* **Problem details**
Could you restate the entries below word for word and leave the images out?
• • • • • • •
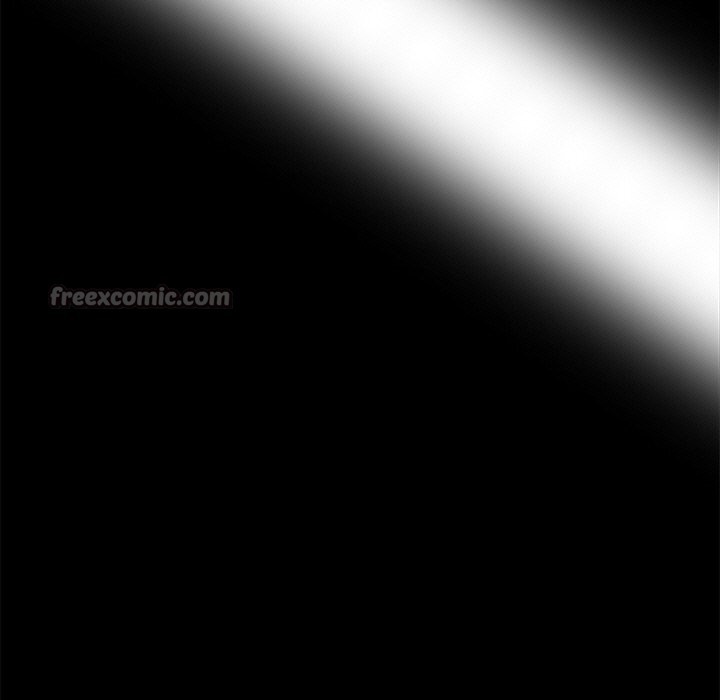 黑道X上班族第26話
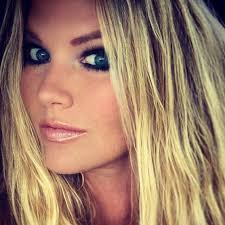 Brooke Smith Weaver (@brooke_smith_weaver) • Instagram photos and videos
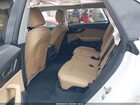 2023 Audi Q8 Premium Plus 55 Tfsi Quattro Tiptronic Белый vin: WA1EVBF13PD040170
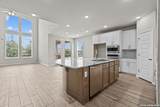 1634 Buckner Pl - Photo 11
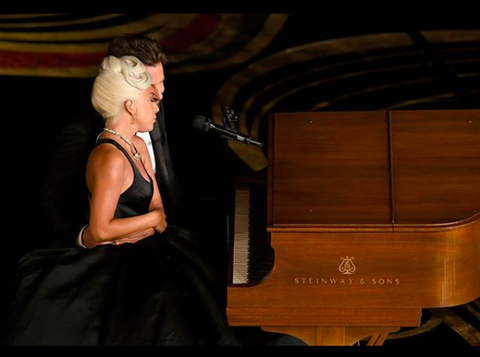 スクリーンショット 2019-02-26 22.15.15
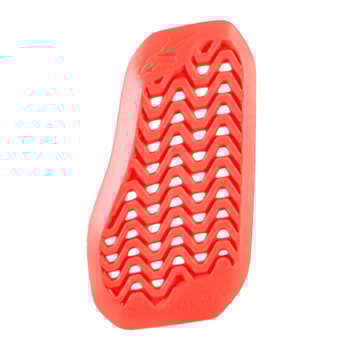 Protetor de Peito Alpinestars Nucleon Plasma Chest Insert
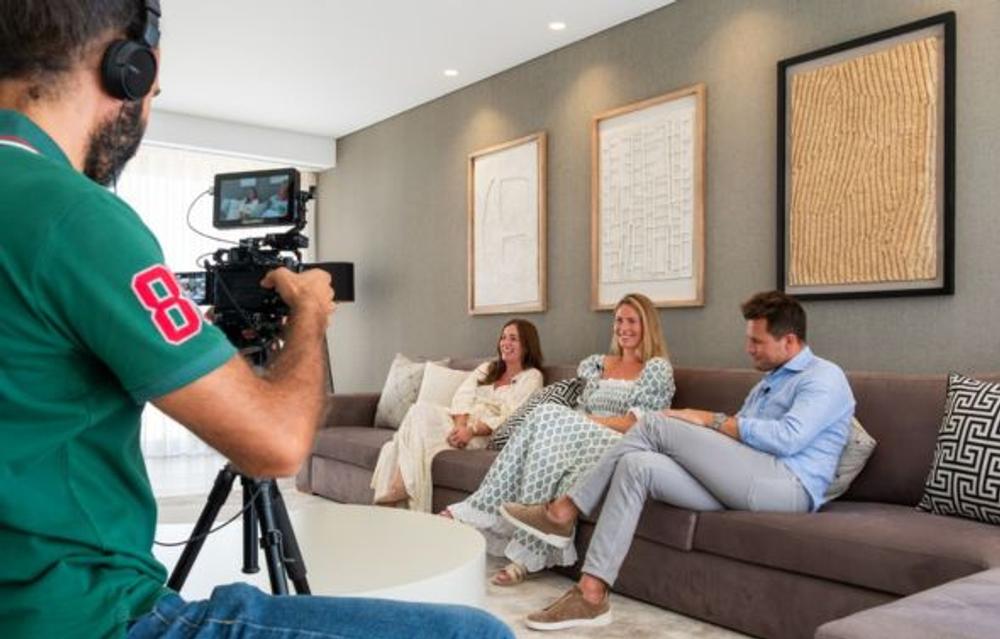 How Albany Global Property Grew From 32 to 250+ Luxury Listings Across 10 Countries With Hostaway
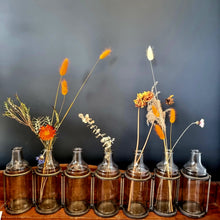 Load image into Gallery viewer, Vases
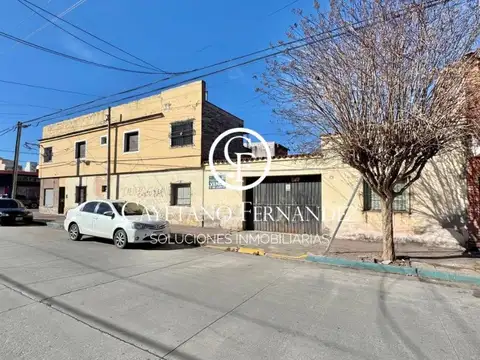 Vendo hermosa casa en Salta  Capital  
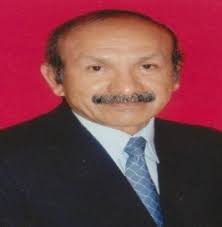 Directorio de Recursos Humanos afines a la CTI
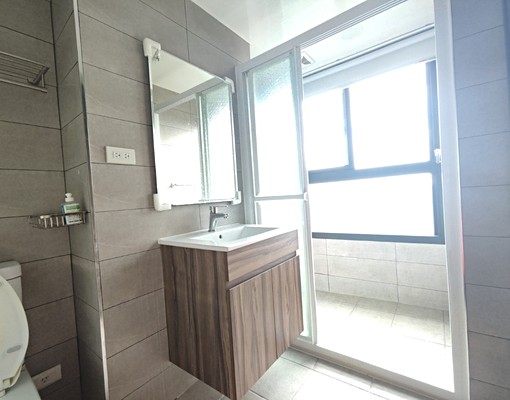 雲品質感高樓景觀美套房 - Image 7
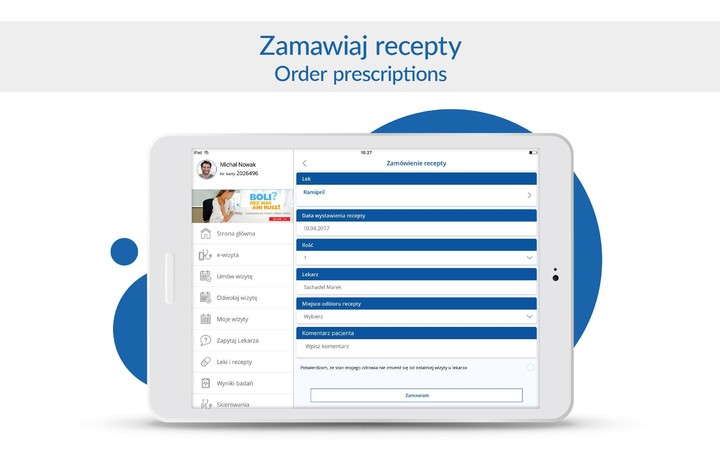 TerraWind App screenshot image 8_Popularmodapk.com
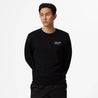 Porsche Motorsport Penske Team Crew Sweater - Vintage F1 Racewear
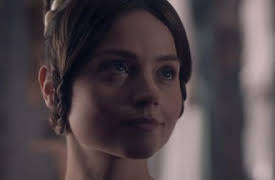 Victoria Season 1: Brocket Hall (Full UK-Length Edition)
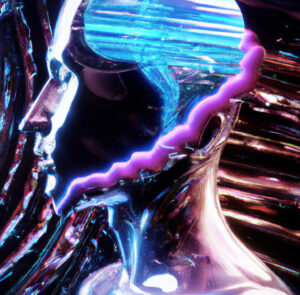 Graphic Media Design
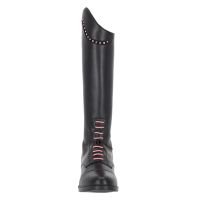 Riding boot Lucky Start Junior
• • • • • • •
* **Exercise answer**
 黑道X上班族第26話
 Brooke Smith Weaver (@brooke_smith_weaver) • Instagram photos and videos
 2023 Audi Q8 Premium Plus 55 Tfsi Quattro Tiptronic Белый vin: WA1EVBF13PD040170
 1634 Buckner Pl - Photo 11
 スクリーンショット 2019-02-26 22.15.15
 Protetor de Peito Alpinestars Nucleon Plasma Chest Insert
 How Albany Global Property Grew From 32 to 250+ Luxury Listings Across 10 Countries With Hostaway
 Load image into Gallery viewer, Vases
 Vendo hermosa casa en Salta  Capital  
 Directorio de Recursos Humanos afines a la CTI
 雲品質感高樓景觀美套房 - Image 7
 TerraWind App screenshot image 8_Popularmodapk.com
 Porsche Motorsport Penske Team Crew Sweater - Vintage F1 Racewear
 Victoria Season 1: Brocket Hall (Full UK-Length Edition)
 Graphic Media Design
 Riding boot Lucky Start Junior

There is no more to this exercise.